There was a long silence, and in the end it was Constantine’s gaze that fell.
“I do not understand, Mother—what do you want?”
Even now there was a part of me that longed to take him in my arms and comfort him as I had done so many years ago, but I could not allow it to rule me.
I took a deep breath, and answered gently, “I want my freedom, Constantine…”
At last I understood the error I had made so long ago. We give birth to our children, but we do not create them. In my pride I had believed Constantine to be the justification for my existence, and claimed his sins, as well as his achievements, as my own. I could pray for him, but Constantine was an immortal spirit, and though it was through me that he had come into this world, I must neither take upon myself the fate his deeds had earned, nor blame him for my own.
“But how? What will people say?”
“You may tell them I am dead, for indeed I will be dead to you, and to this world.”
“What do you mean? What are you going to do?”

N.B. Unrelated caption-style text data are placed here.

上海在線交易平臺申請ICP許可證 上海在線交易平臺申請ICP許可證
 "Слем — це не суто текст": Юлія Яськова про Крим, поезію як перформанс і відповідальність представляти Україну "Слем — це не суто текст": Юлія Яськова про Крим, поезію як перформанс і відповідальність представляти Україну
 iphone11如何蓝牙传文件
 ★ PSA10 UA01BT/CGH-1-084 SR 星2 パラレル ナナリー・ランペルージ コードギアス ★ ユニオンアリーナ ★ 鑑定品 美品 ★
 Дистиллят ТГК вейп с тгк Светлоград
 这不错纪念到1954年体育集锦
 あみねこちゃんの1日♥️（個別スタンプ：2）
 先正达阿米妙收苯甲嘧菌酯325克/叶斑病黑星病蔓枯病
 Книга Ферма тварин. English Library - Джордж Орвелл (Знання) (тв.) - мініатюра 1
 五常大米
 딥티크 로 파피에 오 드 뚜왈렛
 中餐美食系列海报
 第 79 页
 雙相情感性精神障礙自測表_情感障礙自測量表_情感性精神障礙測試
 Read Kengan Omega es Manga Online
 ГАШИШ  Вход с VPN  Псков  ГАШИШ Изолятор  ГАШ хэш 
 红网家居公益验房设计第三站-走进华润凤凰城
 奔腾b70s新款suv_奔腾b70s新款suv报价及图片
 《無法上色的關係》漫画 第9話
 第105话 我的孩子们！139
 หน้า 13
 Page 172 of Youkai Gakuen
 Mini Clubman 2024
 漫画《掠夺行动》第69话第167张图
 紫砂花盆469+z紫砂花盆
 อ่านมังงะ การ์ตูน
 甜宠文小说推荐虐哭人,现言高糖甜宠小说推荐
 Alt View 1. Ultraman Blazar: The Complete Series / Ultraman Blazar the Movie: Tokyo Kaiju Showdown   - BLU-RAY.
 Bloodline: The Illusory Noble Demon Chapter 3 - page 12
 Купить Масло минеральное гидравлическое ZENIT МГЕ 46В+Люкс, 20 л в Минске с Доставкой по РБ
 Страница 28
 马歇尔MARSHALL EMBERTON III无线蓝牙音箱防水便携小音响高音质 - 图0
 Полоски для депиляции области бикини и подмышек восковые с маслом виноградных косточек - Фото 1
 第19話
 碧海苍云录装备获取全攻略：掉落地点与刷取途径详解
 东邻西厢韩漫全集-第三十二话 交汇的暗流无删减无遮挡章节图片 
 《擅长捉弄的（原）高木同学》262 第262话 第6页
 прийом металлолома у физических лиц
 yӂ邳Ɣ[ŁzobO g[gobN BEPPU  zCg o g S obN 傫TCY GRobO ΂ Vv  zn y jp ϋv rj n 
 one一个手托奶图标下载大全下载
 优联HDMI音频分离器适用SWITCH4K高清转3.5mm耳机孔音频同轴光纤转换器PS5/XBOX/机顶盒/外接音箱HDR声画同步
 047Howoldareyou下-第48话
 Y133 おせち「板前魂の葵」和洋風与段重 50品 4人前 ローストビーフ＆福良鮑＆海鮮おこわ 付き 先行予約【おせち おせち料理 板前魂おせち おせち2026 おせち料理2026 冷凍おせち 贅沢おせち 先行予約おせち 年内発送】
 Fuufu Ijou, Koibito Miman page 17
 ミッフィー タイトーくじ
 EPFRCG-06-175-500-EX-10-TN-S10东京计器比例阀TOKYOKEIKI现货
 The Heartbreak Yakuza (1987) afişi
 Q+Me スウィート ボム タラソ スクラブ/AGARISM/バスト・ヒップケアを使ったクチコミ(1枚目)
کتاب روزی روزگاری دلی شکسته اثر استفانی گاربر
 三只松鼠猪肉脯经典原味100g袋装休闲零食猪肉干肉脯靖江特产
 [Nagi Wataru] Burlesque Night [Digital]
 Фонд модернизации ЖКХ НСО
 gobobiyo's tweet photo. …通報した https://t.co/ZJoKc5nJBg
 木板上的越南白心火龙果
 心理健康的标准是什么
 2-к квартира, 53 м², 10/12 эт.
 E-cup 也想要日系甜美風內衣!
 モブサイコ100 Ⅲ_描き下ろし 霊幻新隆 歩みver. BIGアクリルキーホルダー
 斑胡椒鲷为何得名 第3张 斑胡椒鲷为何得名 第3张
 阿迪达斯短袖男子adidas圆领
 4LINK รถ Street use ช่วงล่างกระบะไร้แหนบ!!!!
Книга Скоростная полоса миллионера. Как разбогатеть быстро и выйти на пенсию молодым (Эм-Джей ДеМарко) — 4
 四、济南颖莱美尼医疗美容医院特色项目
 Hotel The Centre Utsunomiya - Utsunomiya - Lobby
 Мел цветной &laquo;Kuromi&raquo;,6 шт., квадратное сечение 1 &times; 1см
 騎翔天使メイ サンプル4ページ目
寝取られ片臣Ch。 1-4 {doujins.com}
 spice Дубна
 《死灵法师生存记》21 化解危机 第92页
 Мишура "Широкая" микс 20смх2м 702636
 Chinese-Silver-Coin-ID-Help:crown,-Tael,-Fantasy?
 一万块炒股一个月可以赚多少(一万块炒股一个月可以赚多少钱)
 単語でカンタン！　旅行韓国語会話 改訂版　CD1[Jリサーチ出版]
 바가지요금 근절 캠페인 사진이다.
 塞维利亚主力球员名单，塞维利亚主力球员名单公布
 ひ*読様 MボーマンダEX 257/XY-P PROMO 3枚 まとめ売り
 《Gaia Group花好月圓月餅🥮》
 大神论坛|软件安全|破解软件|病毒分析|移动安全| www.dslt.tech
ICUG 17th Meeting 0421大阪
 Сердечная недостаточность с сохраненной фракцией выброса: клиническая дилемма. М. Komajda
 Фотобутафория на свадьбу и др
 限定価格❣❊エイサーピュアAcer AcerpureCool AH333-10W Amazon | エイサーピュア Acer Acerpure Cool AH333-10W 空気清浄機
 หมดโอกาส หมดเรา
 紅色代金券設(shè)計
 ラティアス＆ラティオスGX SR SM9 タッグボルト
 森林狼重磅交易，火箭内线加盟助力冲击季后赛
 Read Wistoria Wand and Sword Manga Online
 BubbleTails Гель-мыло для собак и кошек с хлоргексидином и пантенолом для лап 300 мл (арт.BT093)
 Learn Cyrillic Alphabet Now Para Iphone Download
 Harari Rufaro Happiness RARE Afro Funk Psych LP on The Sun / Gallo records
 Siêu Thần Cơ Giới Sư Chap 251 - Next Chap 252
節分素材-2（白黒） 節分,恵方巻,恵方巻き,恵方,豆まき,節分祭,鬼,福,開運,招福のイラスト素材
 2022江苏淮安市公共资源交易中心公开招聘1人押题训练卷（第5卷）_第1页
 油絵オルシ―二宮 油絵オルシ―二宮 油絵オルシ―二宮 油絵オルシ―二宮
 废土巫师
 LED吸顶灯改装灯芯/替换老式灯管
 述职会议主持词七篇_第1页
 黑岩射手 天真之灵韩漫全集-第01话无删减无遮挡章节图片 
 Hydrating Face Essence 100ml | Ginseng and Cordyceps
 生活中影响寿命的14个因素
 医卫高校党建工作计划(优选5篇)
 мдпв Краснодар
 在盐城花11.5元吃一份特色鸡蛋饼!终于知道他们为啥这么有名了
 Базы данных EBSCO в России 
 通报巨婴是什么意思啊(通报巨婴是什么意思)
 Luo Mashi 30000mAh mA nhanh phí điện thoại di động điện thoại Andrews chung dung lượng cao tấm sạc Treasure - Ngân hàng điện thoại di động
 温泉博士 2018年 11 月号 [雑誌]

“I will leave the world you know, and make my way to a place where you will never find me. In the chapel of my palace lies the body of a poor woman of this city. You may bury her in that tomb at the Church of Marcellinus and Petrus—one old woman looks much like another, and people will see what they expect to see. Tell whatever tale you like, Constantine, mourn the icon of Helena that you have created to feed your glory. But let me go!”
“You are my mother,” he protested, his heavy head turning blindly. “You cannot abandon me…’
“Your mother is dead,” I rose to my feet. “You are speaking to a memory.”
He reached out, but I had drawn a veil of shadow about me in the way I had learned long ago on Avalon, and his grasping fingers closed on air.